DATA PROVIDED:
- - - - - - -

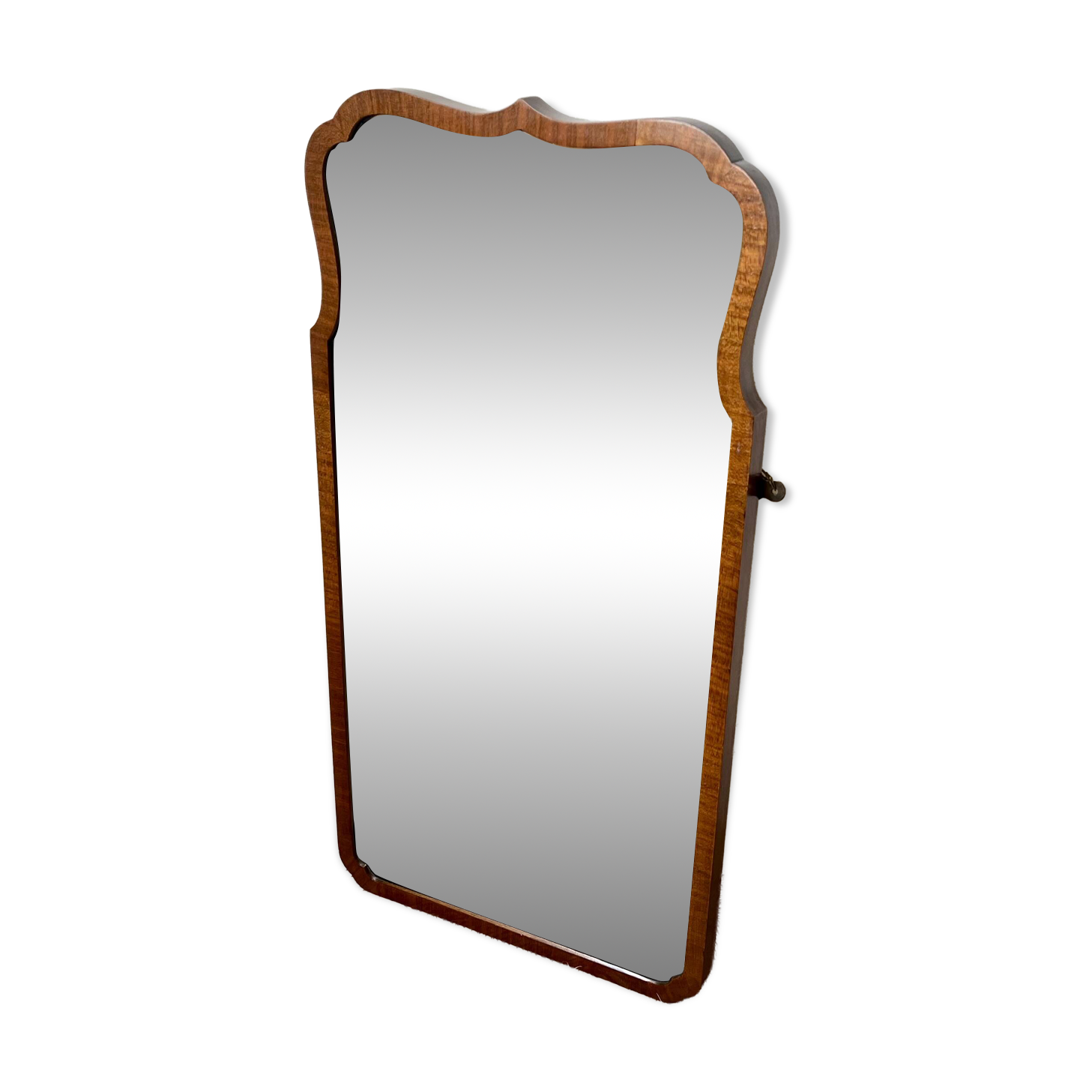 Antique scallop edged wall mirror c.1920-30s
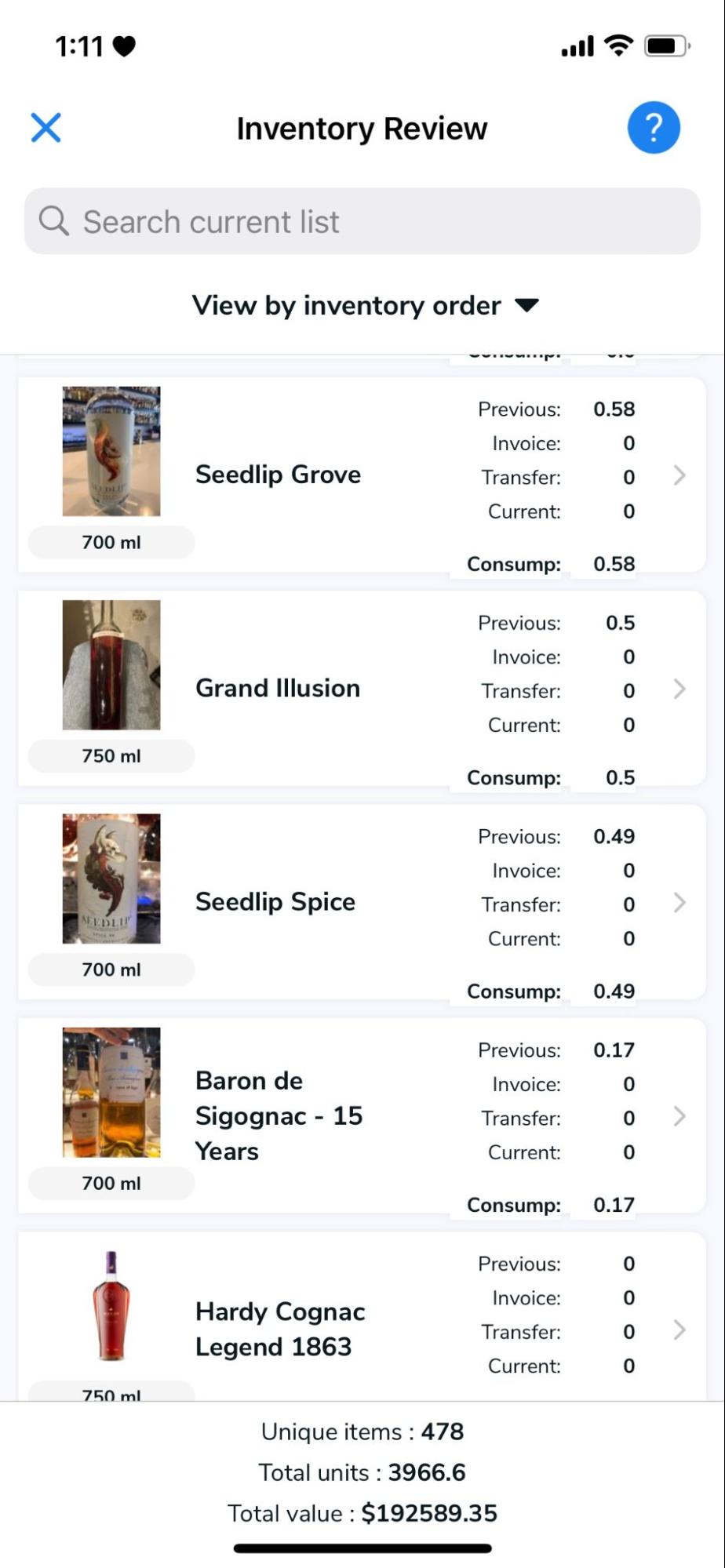 WISK Mobile Inventory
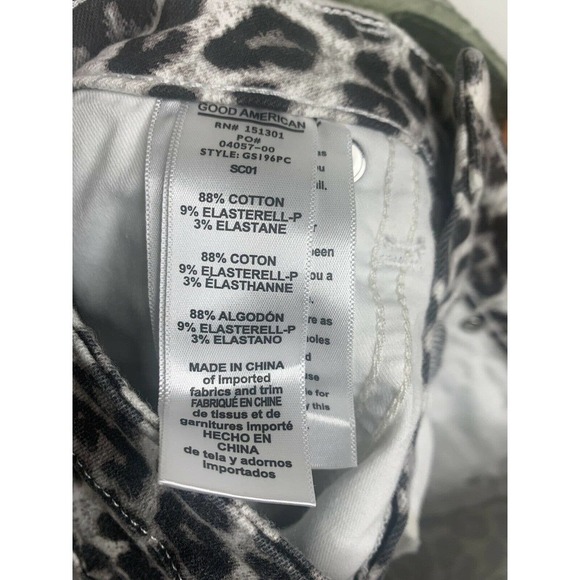 GOOD AMERICAN Size 0 Leopard Print Raw Edge Mini Skirt NWT Msrp $129 - Picture 8 of 8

- - - - - - -

Your answer must be exactly the lines from the one with "WISK Mobile Inventory" through the final line of the data, with no pictures in it.

EXERCISE OUTPUT:
 WISK Mobile Inventory
 GOOD AMERICAN Size 0 Leopard Print Raw Edge Mini Skirt NWT Msrp $129 - Picture 8 of 8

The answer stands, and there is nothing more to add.